BRIDGETON, N.J. (AP) — A video of police officers confronting and then fatally shooting a black man at a traffic stop has raised questions and stirred anger over another death at the hands of police.
On Thursday, the Rev. Al Sharpton's civil rights organization got involved. The National Action Network released a statement saying it was joining other groups calling for the state government to investigate.
The video of the Dec. 30 killing of Jerame Reid in Bridgeton, a struggling, mostly minority city of 25,000 people, was released this week.
The nearly two-minute deadly standoff came after the killings of black men in New York and Ferguson, Missouri, triggered months of turbulent protests, violence and calls for a re-examination of police use of force.
Attorney Conrad Benedetto said he has been hired by Reid's wife, Lawanda Reid, to investigate. He said in a statement the footage "raises serious questions as to the legality and/or reasonableness of the officers' actions that night" because Reid was shot as he raised his hands.
Police, with the dashboard camera in their cruiser rolling, pulled a Jaguar over for running a stop sign on a dark night. But things suddenly turned tense when one of the officers warned his partner he could see a gun in the glove compartment.
Screaming repeatedly "Don't you f---ing move!" and "Show me your hands!" at the man in the passenger seat, the officer reached into the car and appeared to remove a silver handgun.
Then, the passenger, despite being warned repeatedly not to move, stepped out of the Jaguar, his hands raised about shoulder level.
The officers opened fire, killing him.
Reid and the man driving the car were black. The Bridgeton officer who spotted the gun, Braheme Days, is black; his partner, Roger Worley, is white. Both officers have been placed on leave while prosecutors investigate.

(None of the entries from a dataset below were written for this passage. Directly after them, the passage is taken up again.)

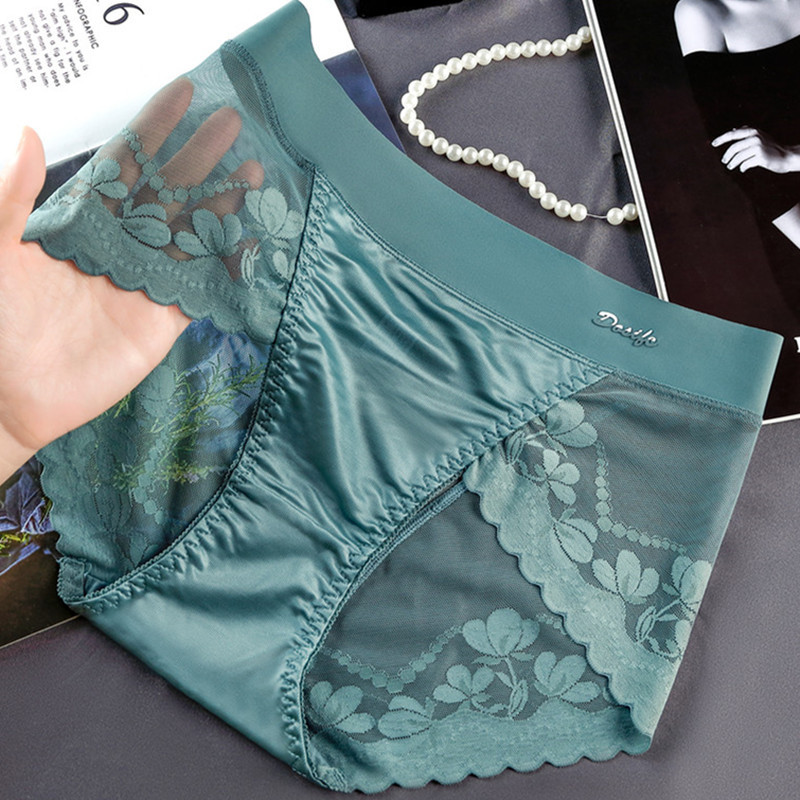 Satén de alta gama encaje de lujo ligero cintura alta vientre contracción ropa interior levantamiento de la cadera de las mujeres entrepierna de algodón sexy malla más calzoncillos de tamaño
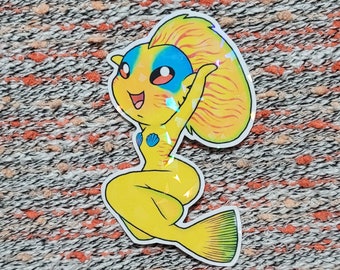 Bright Yellow Sparkly Mermaid Sticker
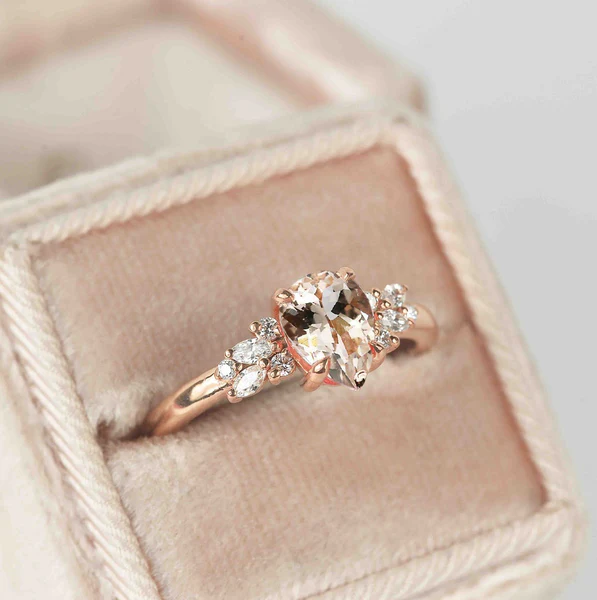 Natural Pink Morganite and Diamond Engagement Ring, 2 Carat Rose Gold Pear Cut Wedding Ring, Anniversary Promise Ring Gifts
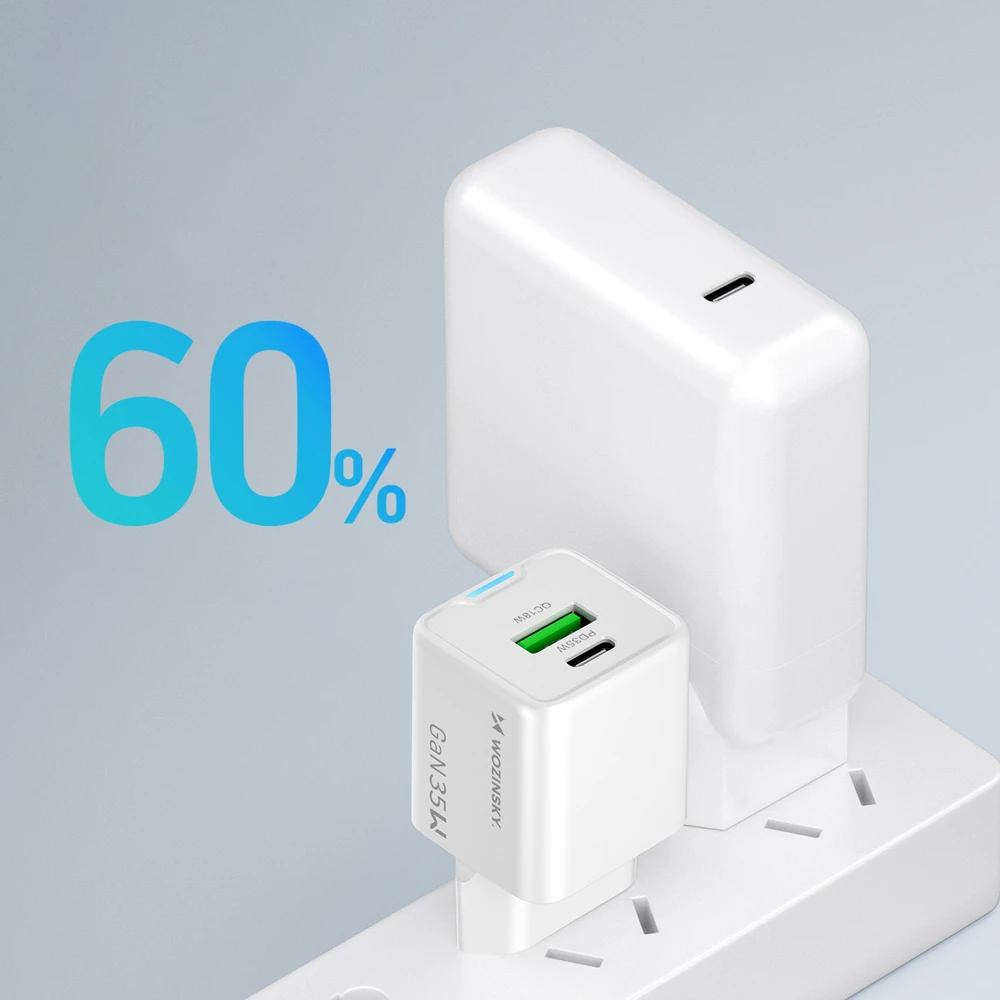 Wozinsky WWC-35W GaN USB-A + USB-C sieninis įkroviklis - Baltas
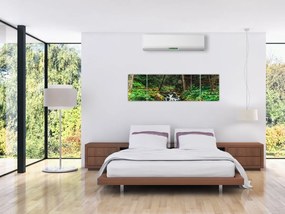 Obraz strumienia w lesie (170x50 cm)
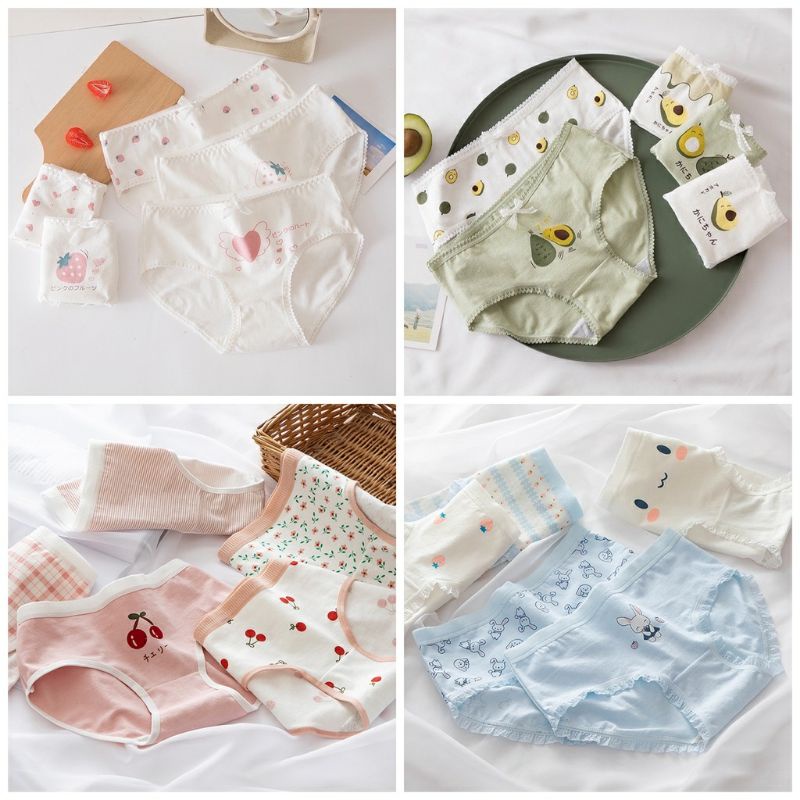  SET 4 Quần Lót Nữ Cotton Nâng Mông Thông Hơi Hoạ Tiết Dễ Thương BIKI CB1 | BigBuy360 - bigbuy360.vn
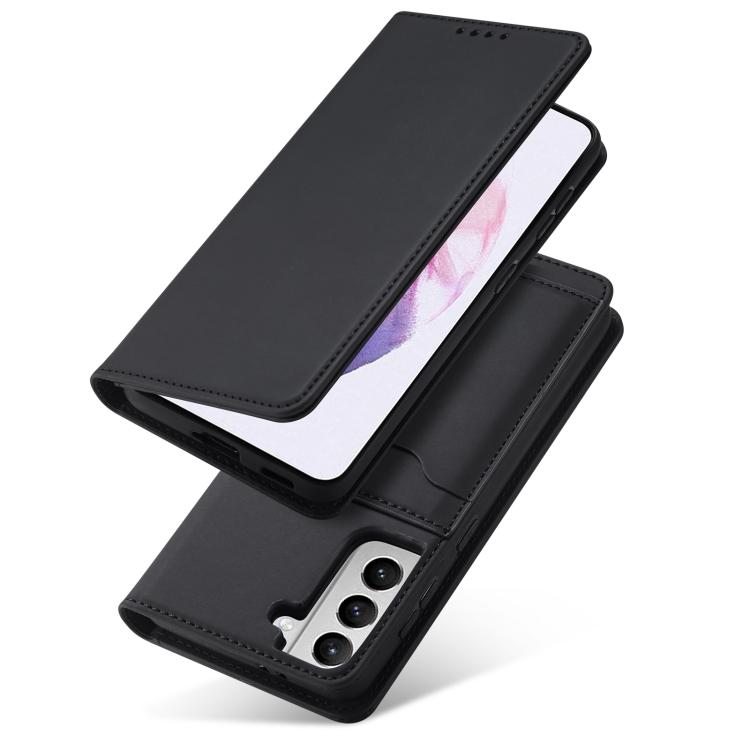 For Samsung Galaxy S21+ 5G Magnetism Skin Feel Card Holder Leather Phone Case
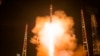 In this photo released by the Russian Defense Ministry Press Service on May 17, 2024, a Soyuz rocket carrying Russian Defense Ministry spacecrafts launches at the Plesetsk Cosmodrome outside Plesetsk, northern Russia. 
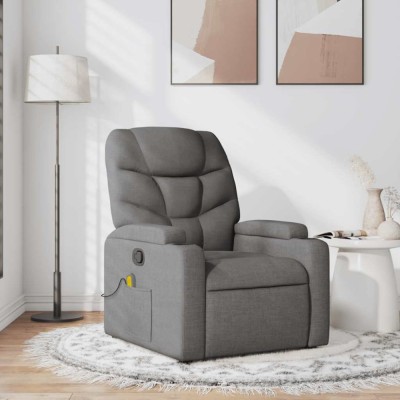 vidaXL Fotoliu de masaj rabatabil, gri &amp;icirc;nchis, material textil 372454 foto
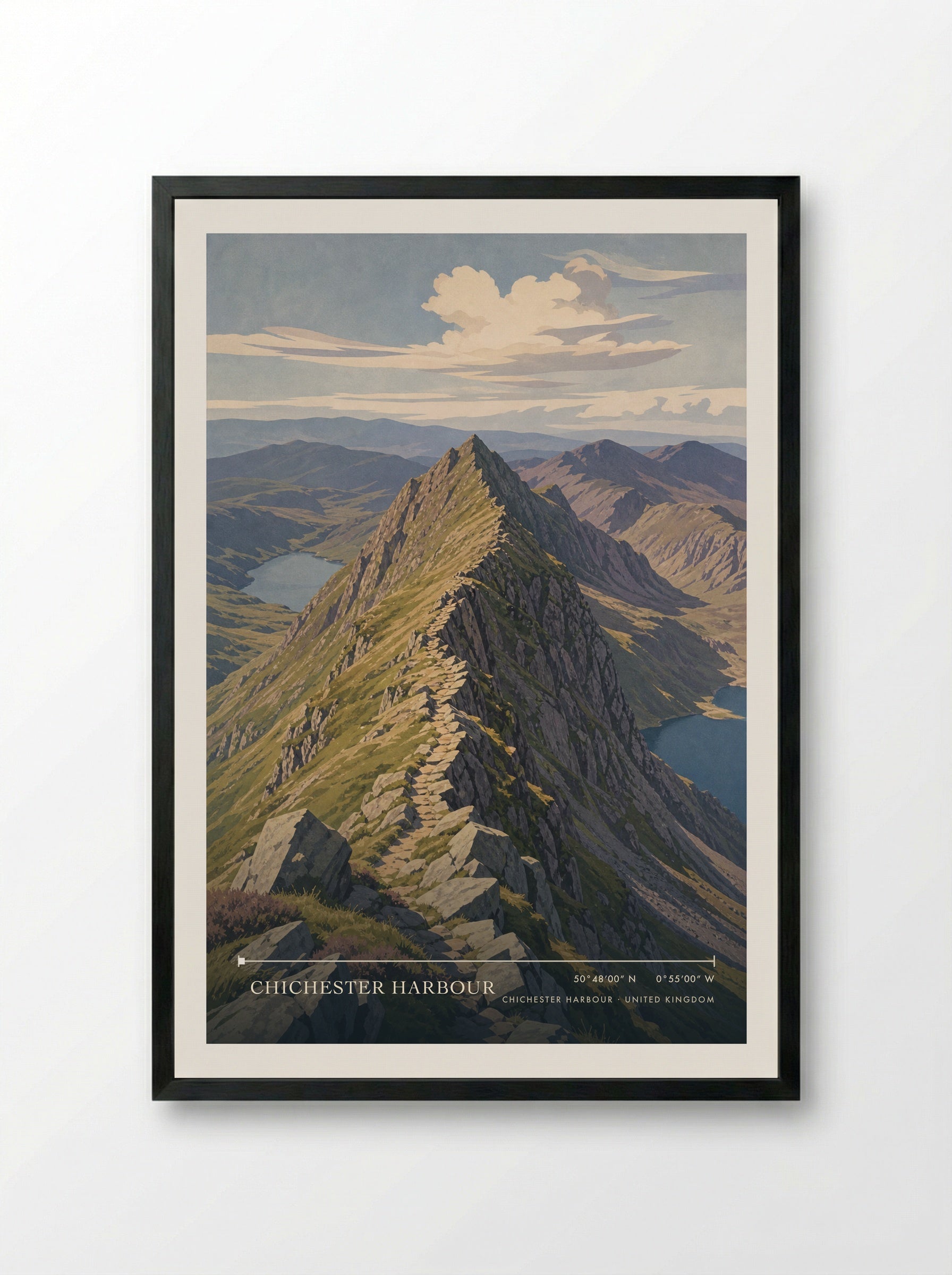 Chichester Harbour United Kingdom Travel Poster - Framed Print Black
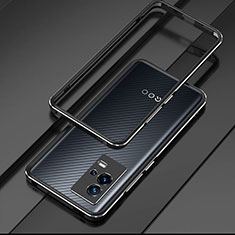 Vivo iQOO 8 5G用ケース 高級感 手触り良い アルミメタル 製の金属製 バンパー カバー Vivo シルバー・ブラック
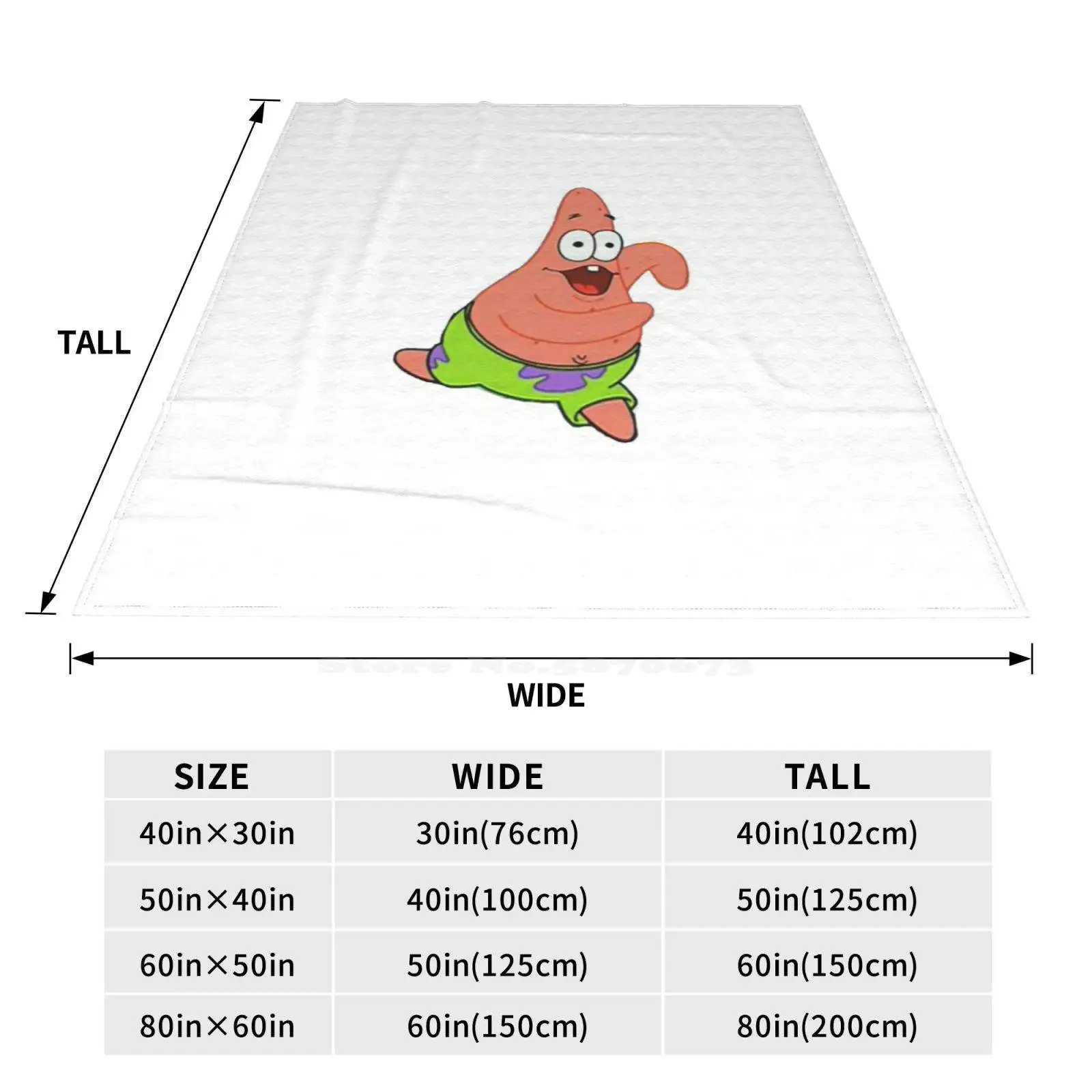 Patrick Star Running Creative Design Light Thin Soft Flannel Blanket Patrick Star Starfish Chocolate Bikini Bottom Meme Funny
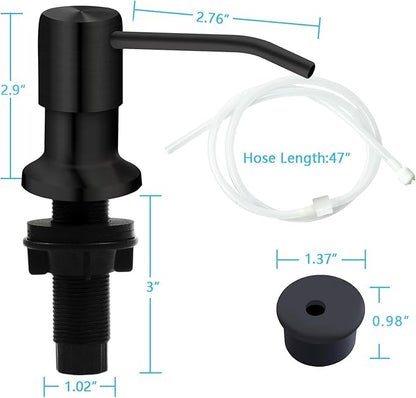 Soap Dispenser for Kitchen Sink, Kichen Sink SoapDispenser, 47" Extension Tube kit, Under Sink Soap Dispenser Pump, No Need More Refills, Good Suction Power, Black
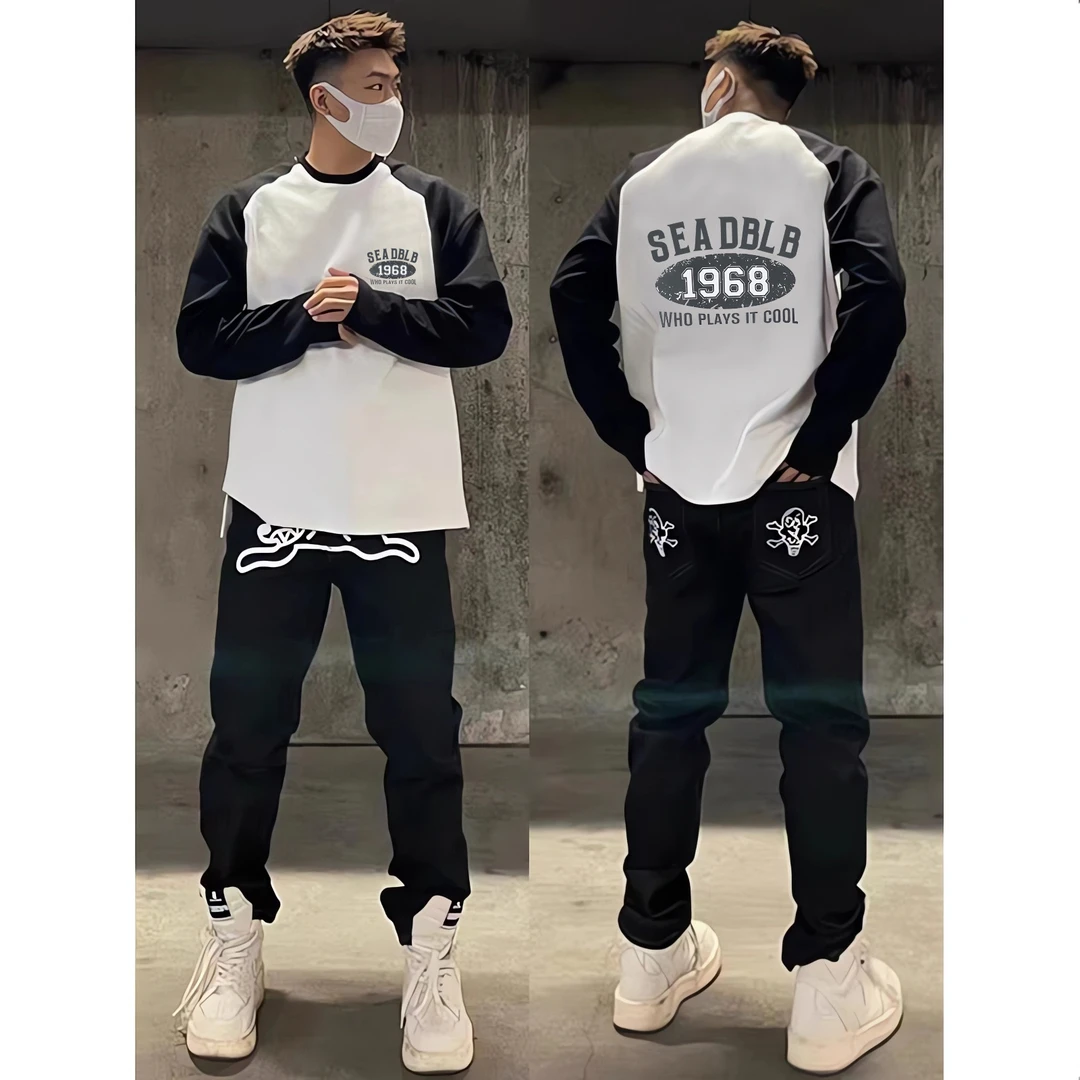 男女纯棉插肩长袖T恤秋冬潮牌美式休闲百搭时尚印花圆领运动上衣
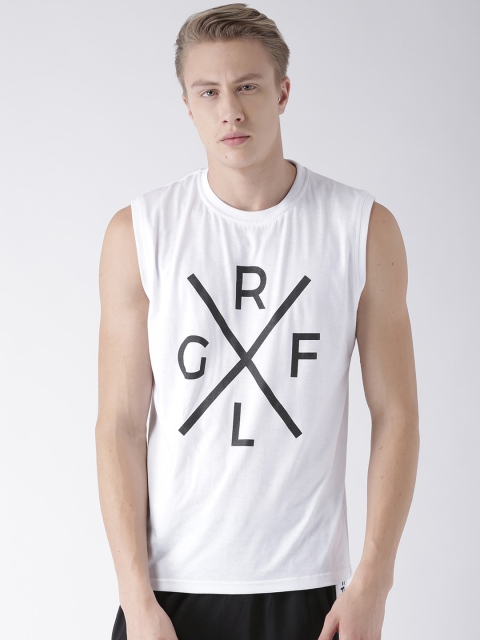 

GRIFFEL Men White Printed Round Neck T-shirt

Reid, 36, spent about 13 years in prison for shooting at three state troopers when he was a teenager. And Days knew who he was; Days was among the arresting officers last year when Reid was charged with several crimes, including drug possession and obstruction.
In Bridgeton, where two-thirds of the residents are black or Hispanic, the killing has stirred small protests over the past couple of weeks, including a demonstration on Wednesday, a day after the video was made public at the request of two newspapers under the state's open records law.
The Cumberland County prosecutor's office previously said a gun was seized during the stop but would not comment further on the investigation. Bridgeton police would not answer any questions about the video and said they opposed its release as neither compassionate nor professional.
County prosecutor Jennifer Webb-McRae has disqualified herself from the case because she knows Days. But Lawanda Reid's lawyer and activists are demanding the state attorney general's office take over the investigation, something it said it will not do.
Sharpton's group added to that call on Thursday.
"We maintain our position that local officials should not handle incidents such as this," the group said.
Mulvihill reported from Haddonfield, New Jersey.